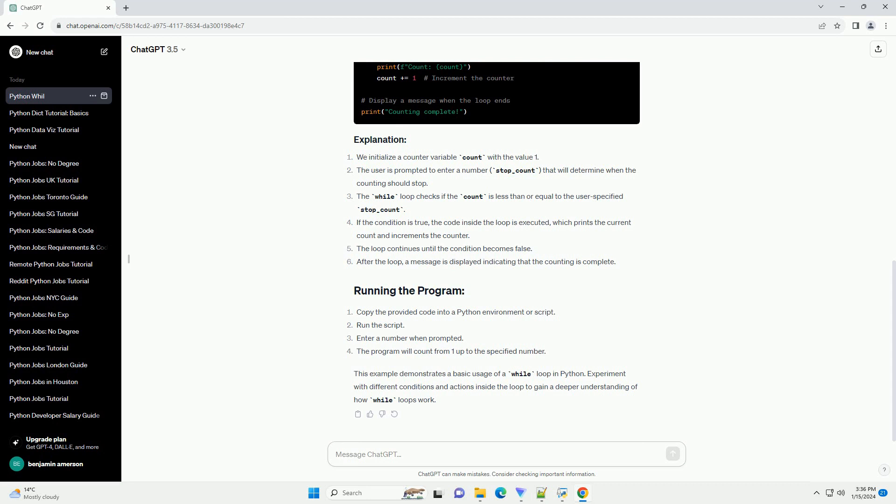Let's create a simple program using a while loop to count from 1 to 5. We'll prompt the user for input to control when the counting should stop.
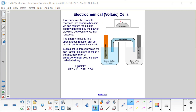Let's talk about what we might see in a lab performing a redox reaction inside an electrochemical or voltaic cell. If we separate the two half reactions into separate beakers, we can capture the electric energy generated by the flow of electrons between them. The energy released in a spontaneous reaction can be used to perform electrical work. Such a setup is called a voltaic, galvanic, or electrochemical cell — also called a battery. In the reaction we'll discuss, zinc metal plus Cu²⁺ produces Zn²⁺ plus copper metal.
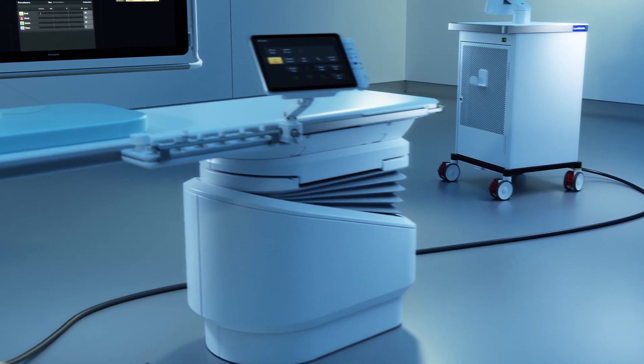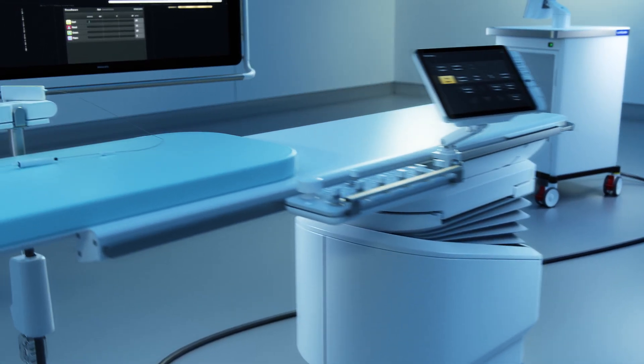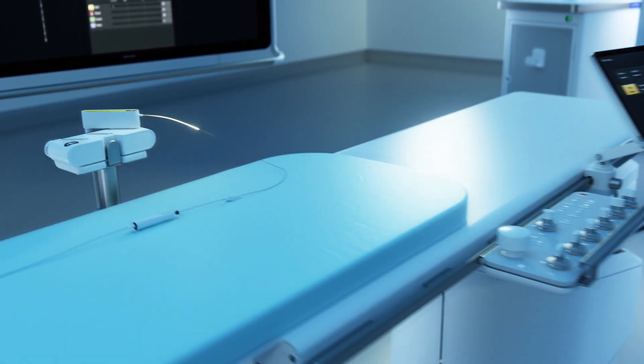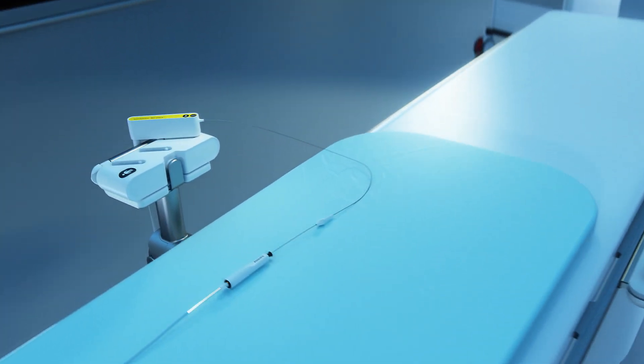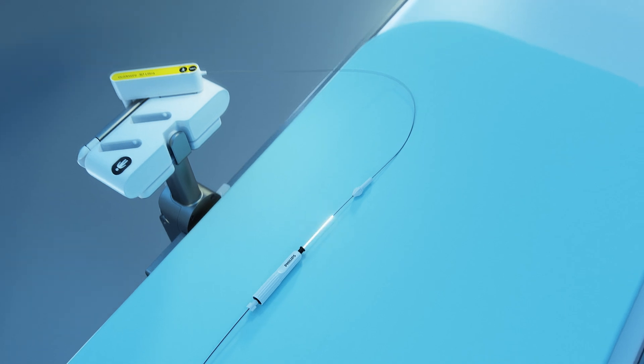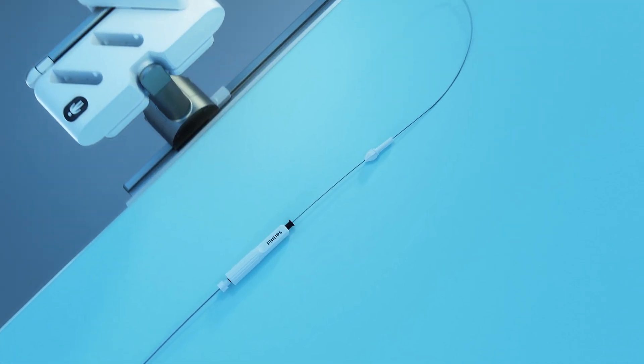This laser light travels to a table-side docking base, then back and forth through a FORCE-enabled guide wire.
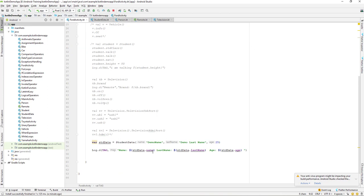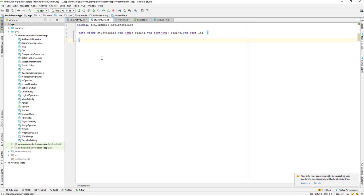We have good access to those values. This might not seem very useful right now since we're not working with real data, but when you're getting data from an API, a web server, or a database, this data class becomes very useful — no need for getters and setters like in Java. That's all for this lesson; we'll continue in the next video. Have a great day!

WORK REQUIRED: Your copy should hold all the data word for word. It should hold no pictures.

OUTPUT BELOW:
Let's create a simple program using a while loop to count from 1 to 5. We'll prompt the user for input to control when the counting should stop.
Let's talk about what we might see in a lab performing a redox reaction inside an electrochemical or voltaic cell. If we separate the two half reactions into separate beakers, we can capture the electric energy generated by the flow of electrons between them. The energy released in a spontaneous reaction can be used to perform electrical work. Such a setup is called a voltaic, galvanic, or electrochemical cell — also called a battery. In the reaction we'll discuss, zinc metal plus Cu²⁺ produces Zn²⁺ plus copper metal.
This laser light travels to a table-side docking base, then back and forth through a FORCE-enabled guide wire.
We have good access to those values. This might not seem very useful right now since we're not working with real data, but when you're getting data from an API, a web server, or a database, this data class becomes very useful — no need for getters and setters like in Java. That's all for this lesson; we'll continue in the next video. Have a great day!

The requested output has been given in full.